The day I nearly lost my leg
Reading a blog entry on HarleyThoughts.com about a gruesome incident reminded me the day I came within inches of losing my right leg.
It was 1980. It was late on a Summer Saturday afternoon. I was 20 years old, full of the dumbass fearlessness that so often accompanies youth. I was riding a 1969 Harley Shovelhead. I accelerated quickly from an intersection on a busy main drag, leaving the rest of the cars behind. I wasn't racing, but I was moving along faster than the rest of traffic. I wasn't wearing a helmet—this was long before California eliminated that choice.
Up ahead, a late-70's full-size American car pulls a left turn in front of me from the opposite direction, apparently trying to enter the parking lot of a popular Italian restaurant. No problem, I think to myself. He's got plenty of time to enter the parking lot before I get to where he is.
Ah! If only things were that simple! The cage driver comes to a dead stop just before entering the driveway. He's not blocked by anything. He just stops. And looks at me. Watches me as I approach at 40 MPH. The entire lane is now blocked.

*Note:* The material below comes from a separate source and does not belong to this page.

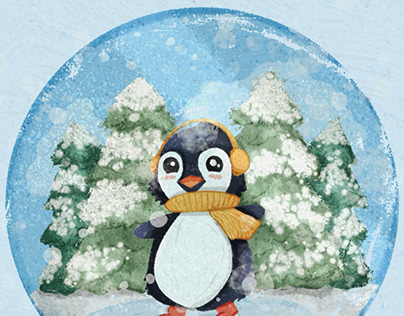 Penguin snowglobe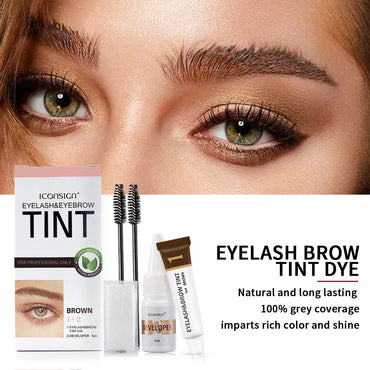 Natural Eyelash Eyebrow Dye Tint Kit Brow Enhancer Mascara Lift Tinting Eyes Makeup Tools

Now, this wouldn't have been a problem, except that the brakes on my bike weren't the greatest in the world. Completing the nightmare: I can't go around him, because there is a six-inch high wide concrete center island blocking my escape to the left. I don't want to swerve to the right side, because he may start moving forward again, and I'll be in a bigger mess.
Jamming on the brakes, trying to bring the speed down while moving as far to the left as I can, I approach the car. There's about 18 inches between the back bumper of the car and the center island, and I try to squeeze through. I'm still doing about 15 MPH as I pass by the car. The corner of the car's rear bumper neatly shears off my Hog's right rear shock absorber. Diving over the bars, I go down for a tumble, rolling along the center island. I come to rest some thirty feet beyond the impact site.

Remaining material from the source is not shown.